Writer and broadcaster

My family doesn’t believe I was the victim of domestic violence. The Guardian.

Dear Annalisa

Ten years ago, I was a victim of domestic violence. Much of it happened in private – in public, my husband was charismatic, successful and popular. I summoned the courage to leave one day with my young children, driving with one hand because he’d injured the other. After I left, I was fragile and nervous. I had never mentioned the abuse to anybody because I was ashamed. I didn’t want to talk about what had happened because I was afraid, and spoke about it only in the briefest of details.

Unfortunately, my family didn’t believe me. Most of them maintained a strong relationship with my ex-husband, who showered them with gifts and charm. I became the family black sheep, the pathological liar, and retreated into my shell. My ex-husband decided he wanted full residence for the children: the ultimate control. And then the bombshell: my brother and his wife wrote a letter supporting his application, stating that they believed I was a bad parent because I had made up the allegations. I was devastated, and cut off all contact with them. The rest of the family kept me at a distance. At family events, it was me who was excluded, not my brother and his wife. 

Now I have received a letter from my brother, saying we ought to be civil for the sake of my elderly mother. But he makes it clear he still does not believe my allegations and that we will have to agree to differ. I am unwilling to pretend that the domestic violence did not occur, just for the sake of a family truce. I have moved on and I’m happy now, but I think that pretending that it didn’t happen will only take away some of the strength I have managed to build up. I am afraid that I will crumble under the pressure, despite years of counselling and therapy.

How can I grasp some kind of family life out of this situation?

It seems to me you have grasped some kind of family life in this situation.
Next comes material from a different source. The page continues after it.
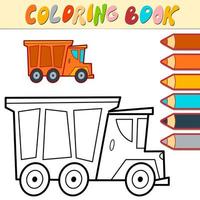 kleurboek of pagina voor kinderen. vrachtwagen zwart-wit vector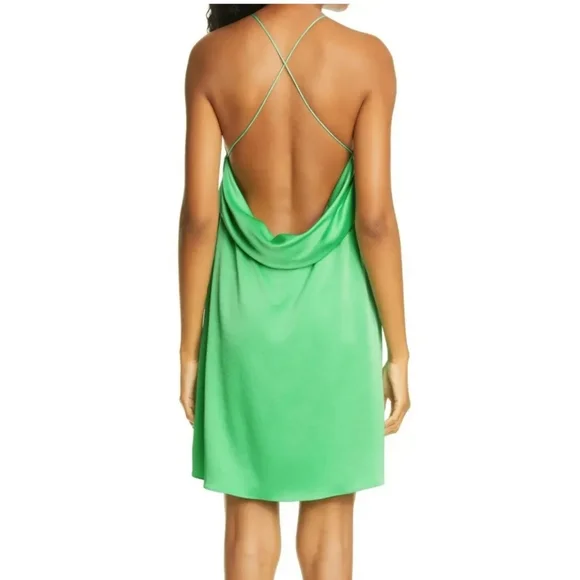$295 Alice + Olivia Women's Size 6 Green Azitara Cowl Back Satin Dress New Tags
Has anything else changed other than your brother writing? Do you see your mother regularly anyway? If things are as they were, and it’s just that your brother has written out of the blue, I would question why you have to change anything at all.

Unfortunately, it is one of the complexities of domestic violence that some people don’t understand it or acknowledge it. And that perpetrators can be incredibly charming to the outside world, while “abusing and belittling you behind closed doors”, as Refuge, the domestic abuse charity, says. This can make it even more isolating and confusing for those suffering.

I contacted a psychotherapist who works in this field, Carmen Joanne Ablack (ukcp.org.uk), and someone from Refuge (refuge.org.uk). Ablack felt that “the lack of validity given by your family could not be anything but devastating”, and that it was “utterly understandable” that you were worried about crumbling again.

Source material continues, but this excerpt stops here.